昔ならこうやって大きな音をたててひっくり返り、とんでもない恰好で昼寝していたもんだ。
とてもなじゃないが、最後にそんな昼寝を見たのは、もう1年以上も前の事。
一旦、落ち付いて、呼びかけたり、口で音を出したりするも耳が反応しない。
そう、
また神経麻痺の発作である。
前回の危篤から、細かな発作は数回起きていたのだが、今回のそれがどことなく違うのは直感した。
動こうとしようとする気配があまり感じられない。すぐさま保温と安静の準備をし、抱きかかえて移動させる。

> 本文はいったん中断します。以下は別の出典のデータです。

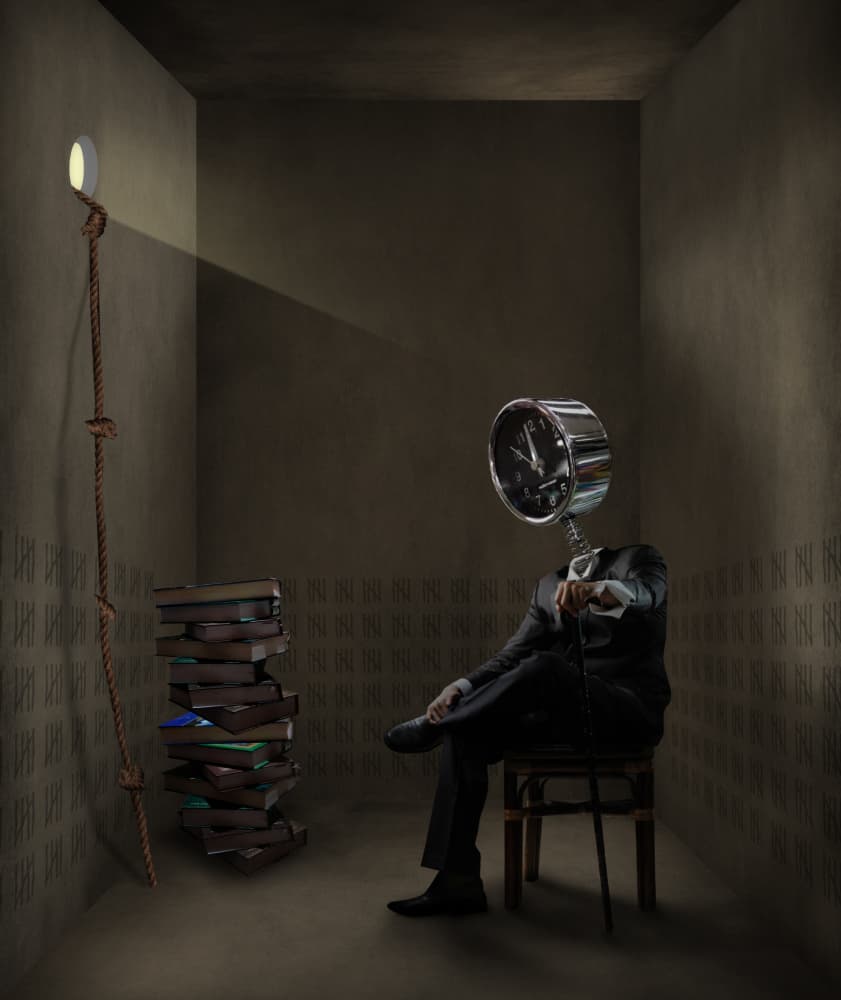 Clock Head Man by Hari Sulistiawan — canvas wall art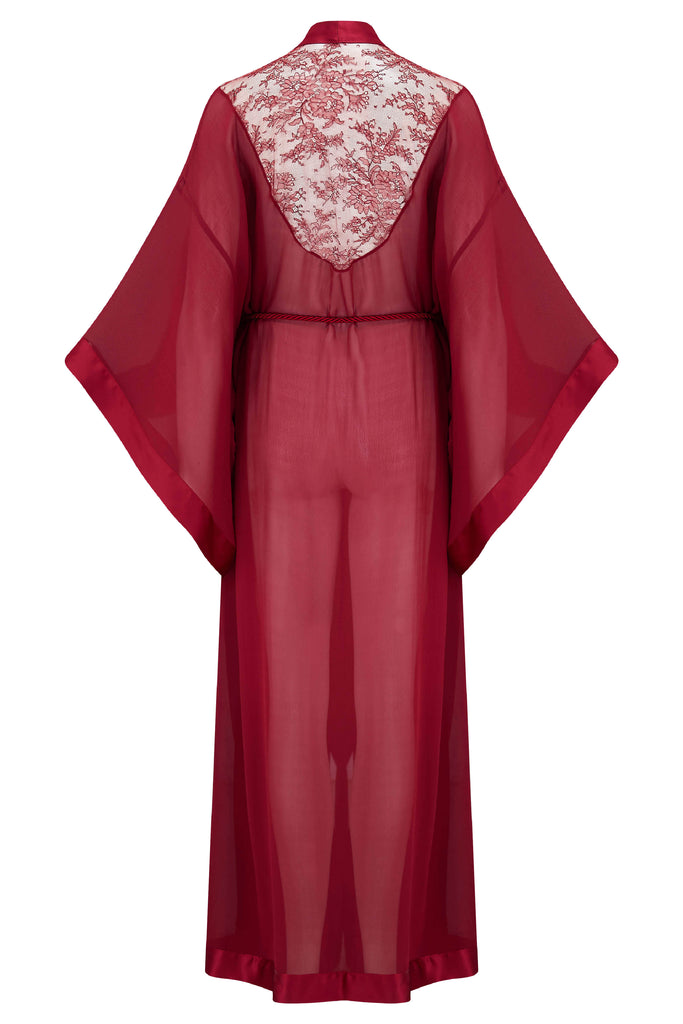 Rosalia luxury silk kimono robe with sheer lace back detail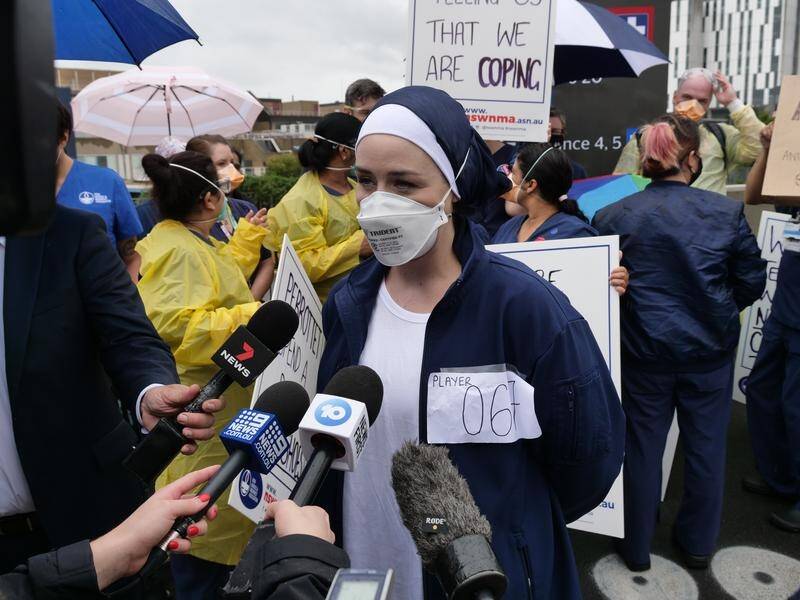 ICU nurse Amy Halvorsen speaks to reporters at a protest outside Westmead Hospital in Sydney.
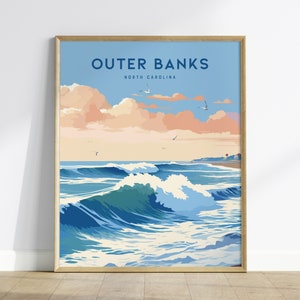 Arte mural enmarcado de surf de Outer Banks / Diseño de póster de playa de Carolina del Norte / Impresión sin marco de surf de Cape Hatteras / Decoración náutica para el hogar de Nags Head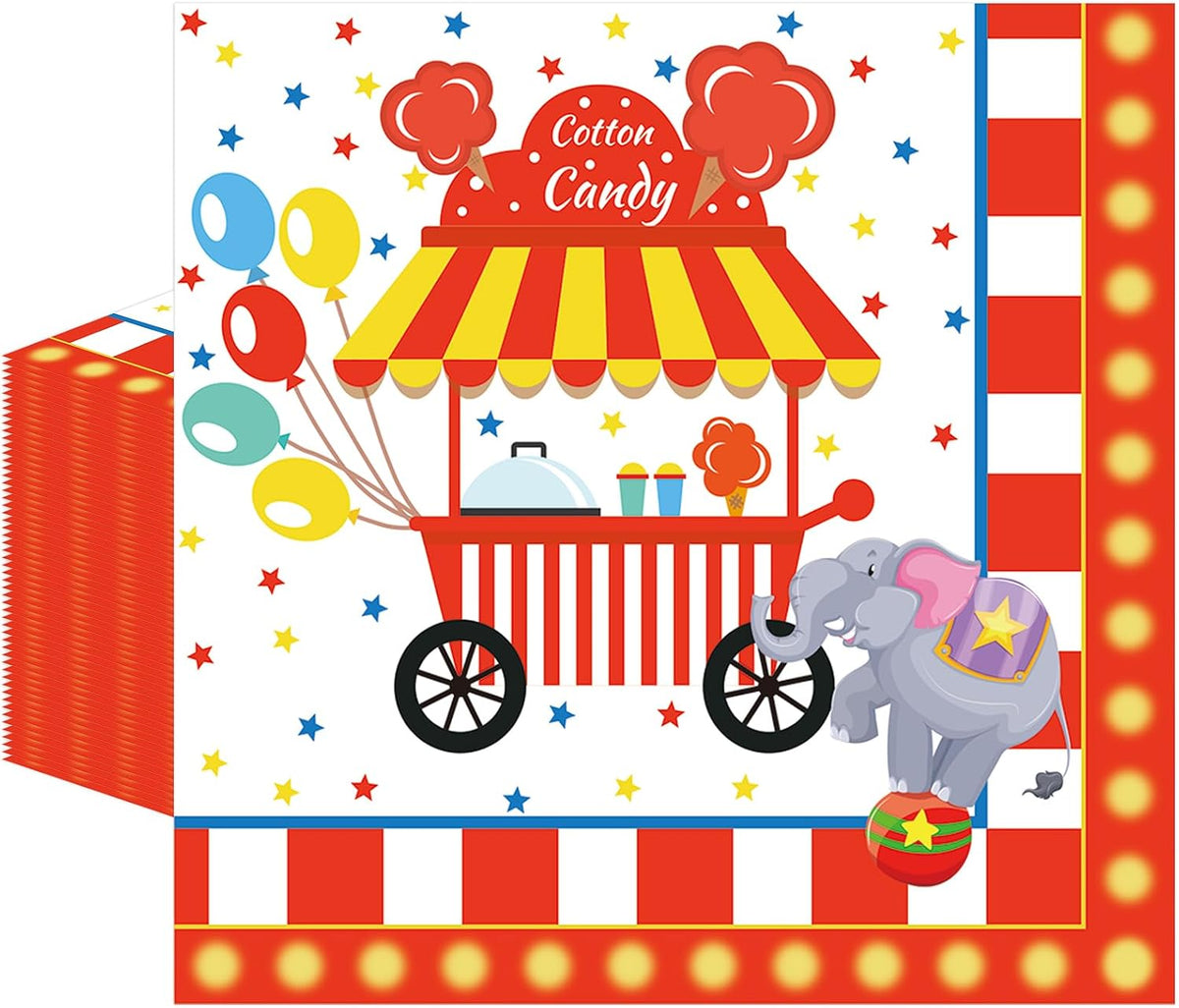 50 Pcs Carnival Paper Napkins 6.5 x 6.5 Inches, Circus Birthday Theme Disposable Luncheon Dinner Party Napkins Cocktail Napkin for Baby Shower Birthday Party Decorations (Carnival)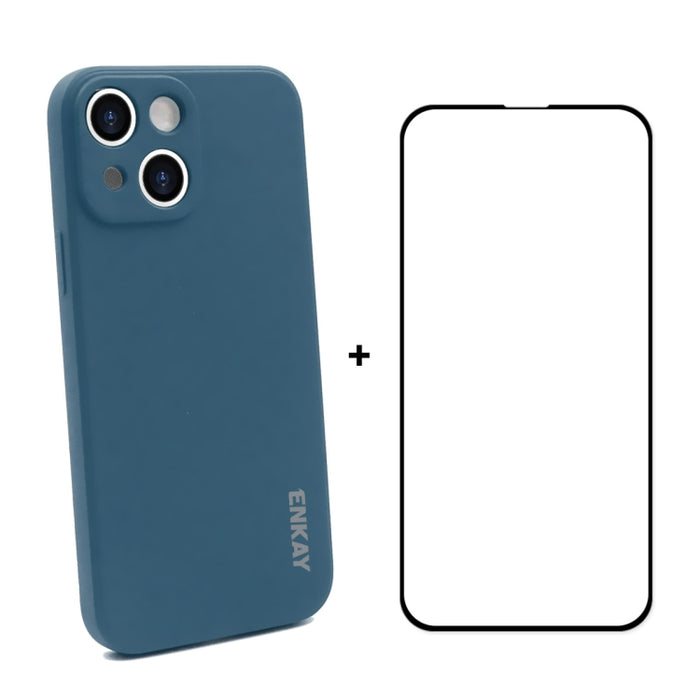 Hat-Prince ENKAY Funda protectora de silicona líquida a prueba de golpes Funda protectora contra caídas + Película protectora de vidrio templado de cobertura completa para iPhone 13 mini, For iPhone 13 mini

抱きかかえようとした時、うさぎ本人もおそらくパニックになっているのであろう、後ろ脚をバタつかせ
空中を蹴り上げる。その蹴り上げる力が尋常ではない。
こんな老衰した身体のどこにこれだけの脚力が残っているのかと思うほど。。。と、同時に、
そんな無茶苦茶な力を出してる時点で、本人の意識が完全に飛んでる、危険な状態というのも悟った・・・。
前回の時はしばらく無意識に暴れていたので、今回もそうなると思い、問題は病院まで持つかどうか。が、
抱きかかえた瞬間、それまでの動きが嘘のようにピタっと止まる。
蹴り上げていた後ろ足は、抱きかかえた僕の胸の中で伸びきったまま硬直していき、
目はうつろ、耳はすでに血色がなく、はじめて見る薄い水色になっていた・・・。。
かすかに動いているが、もうここから用意したキャリーバッグに下ろすことはしなかったし、出来なかった。
ただただ、胸の中で温めてなでてやることしか・・・
すでに脈は体感では感じる事が出来ないくらい弱く、何度か息を引き取ったと思ったほど。
なで続けるも、、すでにもう反応はしなくなった。
倒れてからあっという間の5分間・・・
最後に、息を引き取ったと思ってあきらめた数秒後、、、
それでもまだ口と左前脚が小刻みに動いたのを見届けた。
まるで何か喋って手を振られたかのような動作に胸がつまった。
(もういいよ・・・。ゆっくりおやすみ・・・)
そうつぶやいて、そっと手で閉じた目はそこから開く事はなかった・・・。
そして11年間の付き合いに幕が閉じた・・・。
2009年10月31日午後3時25分 永眠。